Perduto e ritrovato dall’amore di Dio



Sono nato in una famiglia cattolica come tante. Da bambino ho frequentato l’oratorio dei Salesiani e poi gli scout, il grande amore della mia vita. Dopo il liceo e la lettura di tanti testi religiosi, ho anche studiato teologia. Avevo fame di mondo e di vita. Sono anche diventato giornalista e ho viaggiato molto.

Cercavo di essere un buon cristiano e pensavo di cercare sinceramente il Signore. Ma, in verità, lo cercavo con paura e con rabbia. Forse dentro di me Dio era come mio padre, un uomo di formazione militare. A Dio, come a mio padre, bisognava solo ubbidire e l’obbedienza non era mai perfetta. Ubbidivo a Dio ma non lo amavo. Dentro di me anzi lo detestavo e lo maledicevo.

Mio padre era un uomo violento. E per me Dio era come lui. Per quanto mi sforzassi, non avrei mai meritato il suo amore. Mi sono sentito spesso come un cane randagio, costretto a mendicare carezze e cibo. Fuggivo da Dio così come avevo passato l’infanzia e l’adolescenza a fuggire dall’umore imprevedibile di mio padre. Pensavo di conoscere Dio, in fondo avevo studiato teologia! Ma lo conoscevo “per sentito dire”, come Giobbe (42,5). In verità, ero morto dentro. Formalmente un buon cristiano, vivevo una vita disordinata. Priva di amore, in continua e sorda ribellione.

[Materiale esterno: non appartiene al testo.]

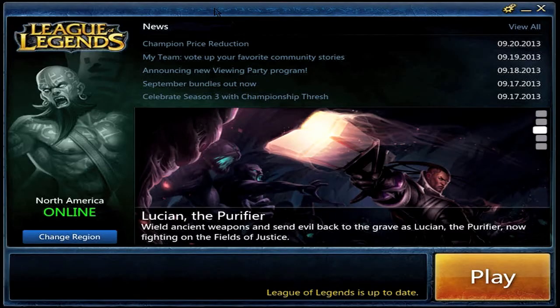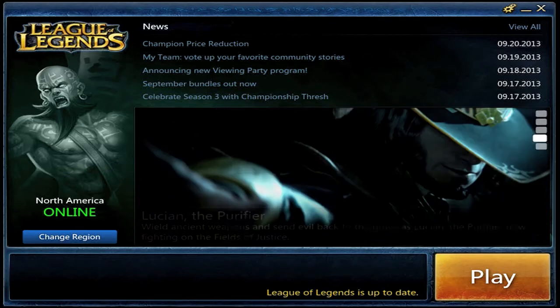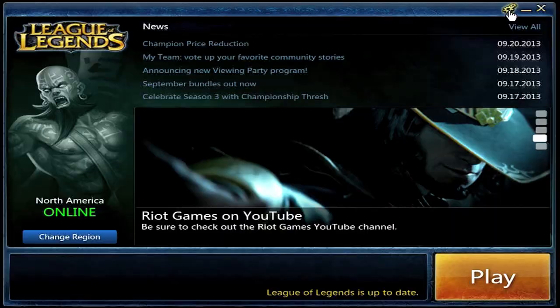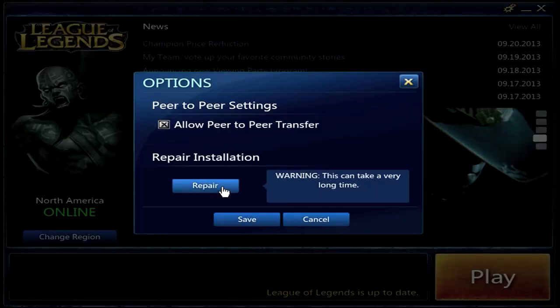If you find League of Legends is having issues of any kind, and it's not the result of server issues, then a common practice is to repair your installation. You can do this by choosing the two gears on the top left of the login page and choosing the repair button. This will take a few minutes, as it will check each file as it repairs.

Ma il Signore mi ha messo nel cuore una grande nostalgia e mi ha dato la forza di volgere i miei passi verso di Lui. Nell’estate del 2018 durante un corso di esercizi spirituali ho meditato la parabola del figliol prodigo. Ho urlato a Dio tutta la mia rabbia. Ma all’improvviso mi sono accorto della bellezza che mi circondava: il cielo terso, la luce dorata del sole, il mare e le colline. E ho sentito forte, avvolgente il suo amore che mi sanava il cuore. Scoppiavo di gioia!  Il Signore mi aveva riportato in vita. Mi aveva fatto sentire di essere figlio sempre amato, che Lui c’era sempre stato e che dovevo solo aprirgli la porta perché Lui entrasse nella mia vita e prendesse tutto il mio dolore e la mia rabbia.

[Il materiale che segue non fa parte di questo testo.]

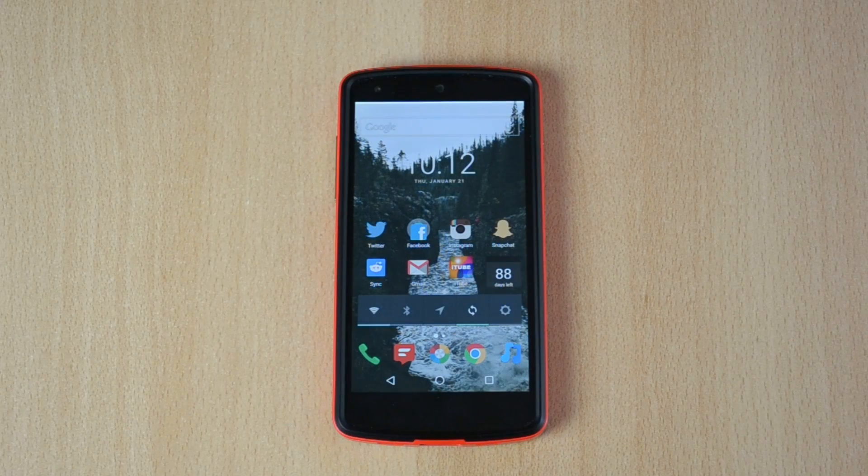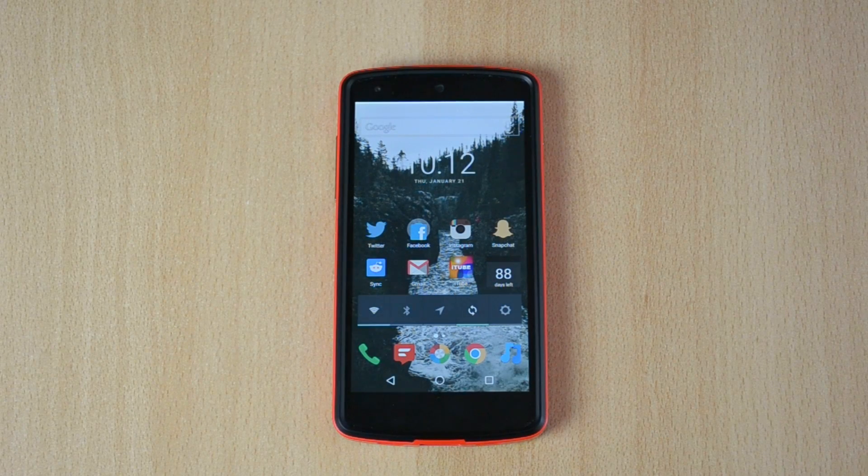What's up everyone, my name is Ben and today I'll show you how you can get iOS emojis on Android. Let's go!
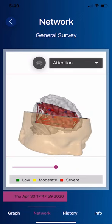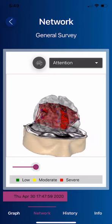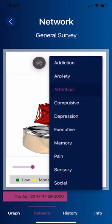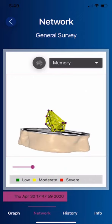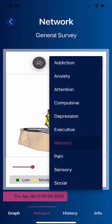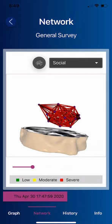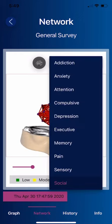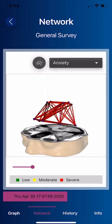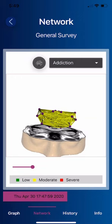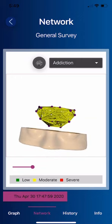Here's the attention network. I'll move this down so we can see it and remove the cortex. Here's the memory network — it's yellow because it's moderate. Here's the pain network, the social network, the anxiety network, the addiction network, and so on. This gives someone who fills it out honestly an evaluation of the severity of their symptoms as they link to the networks of the brain.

Più di trent’anni fa, mio padre era spirato fra le mie braccia chiedendomi di perdonarlo per il male che mi aveva fatto. Lo avevo assistito, fin sulla soglia della morte, combattuto da sentimenti contrastanti. Non ero stato capace di perdonarlo. Solo oggi, a distanza di tanto tempo, posso di dire di averlo veramente perdonato.

Dal giorno della mia conversione, ho desiderato solo vivere e parlare di questo amore. Spero che la mia storia sia una piccola luce per chi ancora vive nelle tenebre della disperazione.

 

Davide Romano, giornalista

(Credere, n. 17, 28 aprile 2024)

lunedì 31 luglio 2023

"'Voi mi cercherete e mi troverete’. Storia breve di una conversione” di Davide Romano


 

"Voi mi cercherete e mi troverete perché mi cercherete con tutto il vostro cuore". (Geremia 29, 13)

Sono nato in una famiglia cattolica come tante altre. Quando ero piccolo, con mio padre e  mia sorella minore Laura arrivavamo sempre alla fine della messa, giusto in tempo per salutare il prete. Quasi un omaggio domenicale a quel presbitero. Non so perché.

Da bambino ho frequentato l’oratorio gestito dai buoni padri salesiani e poi, crescendo, gli scout. Il grande amore della mia vita.

Penso di essere stato sempre religioso e naturalmente cristiano. Dopo il liceo e appassionate letture dei padri della Chiesa, in particolare di Agostino d’Ippona, e di testi teologici e di storia delle religioni, sotto la guida amorevole del mio coltissimo e inquieto nonno materno, ho anche studiato teologia.

 Da giovane avevo fame di mondo e di vita. E di vita e di mondo ne ho divorati tanti da allora. Sono anche diventato giornalista, mi occupavo soprattutto di Vaticano e questioni attinenti alla religione. Poi di mafia e di politica. Ho viaggiato molto, ho attraversato mondi.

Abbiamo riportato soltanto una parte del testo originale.